Dans le fouillis d’une distribution de lettres dont les hommes reviennent, qui
avec la joie d’une lettre, qui avec la demi-joie d’une carte postale, qui avec
un nouveau fardeau, vite reconstitué, d’attente et d’espoir, un camarade,
brandissant un papier, nous apprend une extraordinaire histoire:

-Tu sais, l’père la Fouine, de Gauchin?

-C’vieux ticket qui cherchait un trésor?

-Eh bien, il l’a trouvé!

-Non! Tu charries. . .

-Pisque j’te l’dis, espèce de gros morceau. Qu’est-ce que tu veux que j’te dise?
La messe? J’la sais pas. . . La cour de sa piaule a été marmitée, et près du
mur, une caisse pleine de monnaie en a été déterréé: il a reçu son trésor en
plein sur le râble. Même que l’curé s’est aboulé en douce et parlait d’prendre
c’miracle à leur compte.

On reste bouche bée.

-Un trésor. . . Ah! vrai. . . Ah! tout d’même, c’vieux manche à poils!

Cette révélation inattendue nous plonge dans un abîme de réflexions.

-Comme quoi on n’sait jamais!

-S’est-on jamais assez foutu de c’vieux pétard, quand il en f’sait un saladier à
propos de son trésor, et qu’i’ nous t’nait la jambe et nous cassait l’bonnet
avec ça!

-On l’disait bien, là-bas, on n’sait jamais, tu t’rappelles! On n’se doutait pas
comme on avait raison, tu t’rappelles?

-Tout de même, y a des choses dont on est sûr, dit Farfadet, qui, depuis qu’on
parlait de Gauchin, restait songeur, l’air absent, comme si une figure adorable
lui souriait.

-Mais ça, ajouta-t-il, je l’aurais pas cru non plus, moi! . . . Ce que je vais
le trouver fier, le vieux, quand je retournerai là-bas, après la guerre!
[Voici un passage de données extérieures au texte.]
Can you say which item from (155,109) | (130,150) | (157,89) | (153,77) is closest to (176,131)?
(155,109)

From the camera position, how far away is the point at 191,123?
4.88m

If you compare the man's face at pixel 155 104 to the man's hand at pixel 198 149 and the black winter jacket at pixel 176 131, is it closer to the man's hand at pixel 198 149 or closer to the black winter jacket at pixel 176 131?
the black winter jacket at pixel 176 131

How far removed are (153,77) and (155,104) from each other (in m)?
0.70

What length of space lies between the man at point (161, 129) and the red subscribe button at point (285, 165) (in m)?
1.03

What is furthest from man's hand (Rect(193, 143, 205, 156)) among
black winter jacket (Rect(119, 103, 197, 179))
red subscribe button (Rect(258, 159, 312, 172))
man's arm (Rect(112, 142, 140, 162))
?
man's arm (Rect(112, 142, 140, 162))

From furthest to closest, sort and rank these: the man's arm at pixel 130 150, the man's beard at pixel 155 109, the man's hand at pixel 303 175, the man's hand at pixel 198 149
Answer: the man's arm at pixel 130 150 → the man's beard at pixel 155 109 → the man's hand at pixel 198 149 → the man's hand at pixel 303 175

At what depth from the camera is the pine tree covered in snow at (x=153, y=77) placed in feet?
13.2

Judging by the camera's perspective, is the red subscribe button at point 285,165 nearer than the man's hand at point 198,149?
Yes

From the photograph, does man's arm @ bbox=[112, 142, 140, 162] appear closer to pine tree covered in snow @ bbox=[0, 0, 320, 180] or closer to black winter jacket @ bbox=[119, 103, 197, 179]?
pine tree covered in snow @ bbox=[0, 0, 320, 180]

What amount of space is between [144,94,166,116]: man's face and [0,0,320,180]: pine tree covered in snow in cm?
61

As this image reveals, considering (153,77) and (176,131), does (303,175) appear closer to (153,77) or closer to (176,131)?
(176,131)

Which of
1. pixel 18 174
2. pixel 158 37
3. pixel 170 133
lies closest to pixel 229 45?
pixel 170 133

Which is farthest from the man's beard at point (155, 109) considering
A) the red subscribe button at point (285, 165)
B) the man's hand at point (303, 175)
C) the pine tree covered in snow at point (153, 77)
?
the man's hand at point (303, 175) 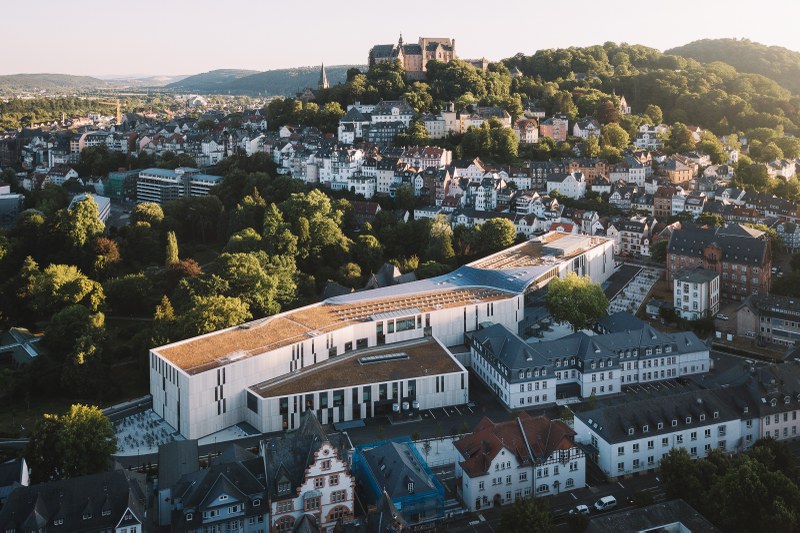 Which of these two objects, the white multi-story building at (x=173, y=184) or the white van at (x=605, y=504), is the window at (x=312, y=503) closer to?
the white van at (x=605, y=504)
-On demande un homme de bonne volonté pour aider les sapeurs à faire un travail,
dit le grand adjudant.

-Plus souvent! grognent les hommes sans bouger.
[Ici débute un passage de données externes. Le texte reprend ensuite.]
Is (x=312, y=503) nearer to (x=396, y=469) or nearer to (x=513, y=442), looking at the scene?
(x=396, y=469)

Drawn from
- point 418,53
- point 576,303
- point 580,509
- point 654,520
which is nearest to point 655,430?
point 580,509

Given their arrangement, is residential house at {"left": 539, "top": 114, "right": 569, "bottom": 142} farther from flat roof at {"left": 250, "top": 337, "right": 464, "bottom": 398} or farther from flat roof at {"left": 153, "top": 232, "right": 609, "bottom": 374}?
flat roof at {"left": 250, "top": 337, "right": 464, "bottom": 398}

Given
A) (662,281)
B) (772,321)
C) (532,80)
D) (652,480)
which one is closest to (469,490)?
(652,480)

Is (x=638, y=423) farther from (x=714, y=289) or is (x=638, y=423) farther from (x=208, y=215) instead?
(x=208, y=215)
-C’est utile pour dégager les camarades, reprend l’adjudant.

Alors, on cesse de grogner, quelques têtes se lèvent.

-Présent! dit Lamuse.

-Harnache-toi, mon gros, et viens avec moi.
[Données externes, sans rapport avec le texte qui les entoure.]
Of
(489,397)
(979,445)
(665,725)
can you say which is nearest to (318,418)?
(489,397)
Lamuse boucle son sac, roule sa couverture, assujettit ses musettes.

Il est devenu, depuis le temps que sa crise d’amour malheureux s’est calmée,
plus sombre qu’autrefois, et bien qu’il continue à engraisser par une sorte de
fatalité, il s’absorbe, s’isole et ne parle plus guère.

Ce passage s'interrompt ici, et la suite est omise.